__Work required__
Everything from the opening line of the records below up to and including the line containing "Used Steering column" should be retyped exactly, minus the pictures.

__Available data__
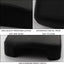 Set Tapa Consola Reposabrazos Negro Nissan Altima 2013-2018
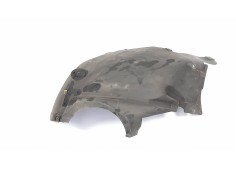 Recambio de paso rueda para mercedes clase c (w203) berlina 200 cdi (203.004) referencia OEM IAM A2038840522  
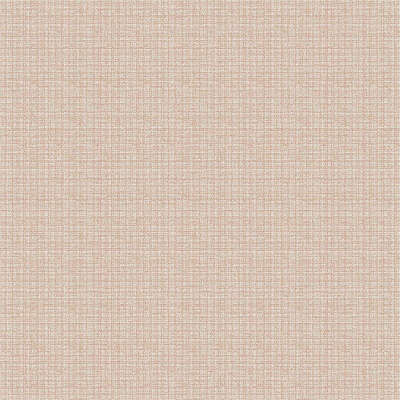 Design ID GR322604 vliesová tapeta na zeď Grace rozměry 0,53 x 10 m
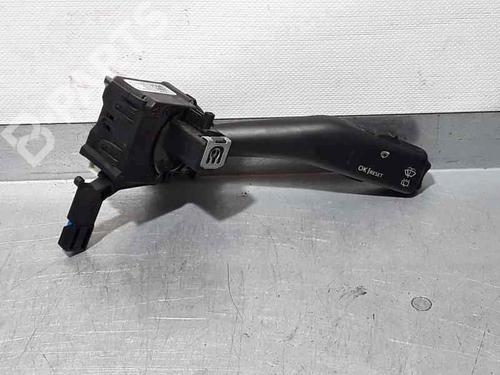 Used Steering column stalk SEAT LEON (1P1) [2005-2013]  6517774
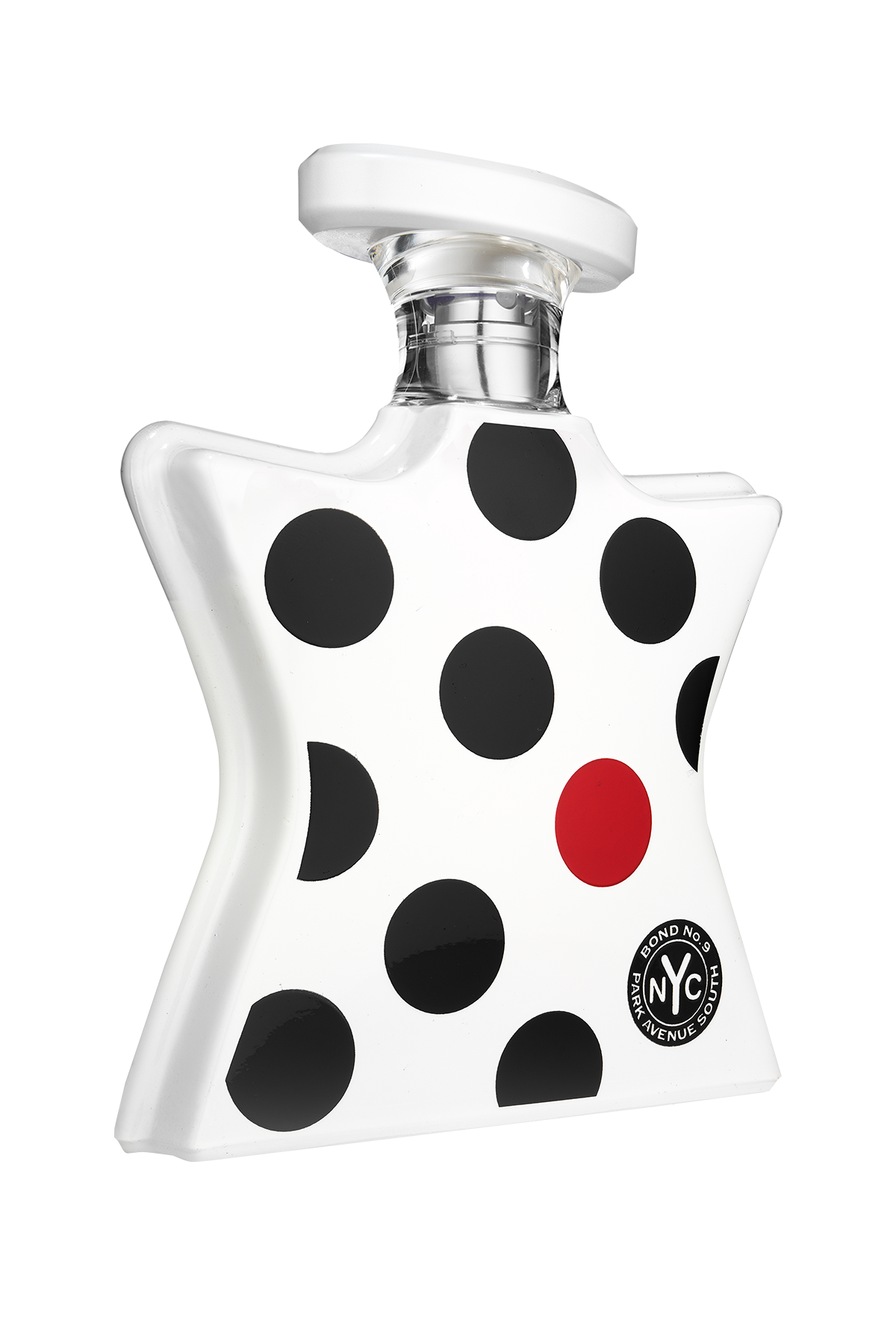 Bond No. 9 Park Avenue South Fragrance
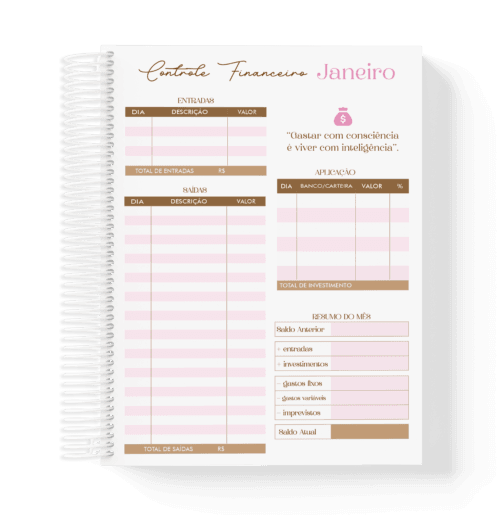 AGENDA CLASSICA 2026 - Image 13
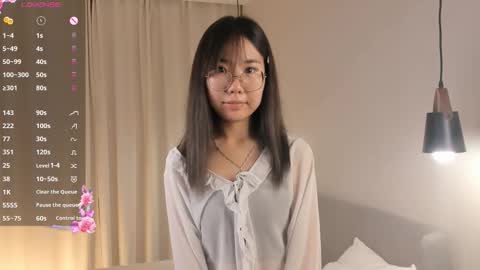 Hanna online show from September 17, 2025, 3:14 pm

__Task output__
 Set Tapa Consola Reposabrazos Negro Nissan Altima 2013-2018
 Recambio de paso rueda para mercedes clase c (w203) berlina 200 cdi (203.004) referencia OEM IAM A2038840522  
 Design ID GR322604 vliesová tapeta na zeď Grace rozměry 0,53 x 10 m
 Used Steering column stalk SEAT LEON (1P1) [2005-2013]  6517774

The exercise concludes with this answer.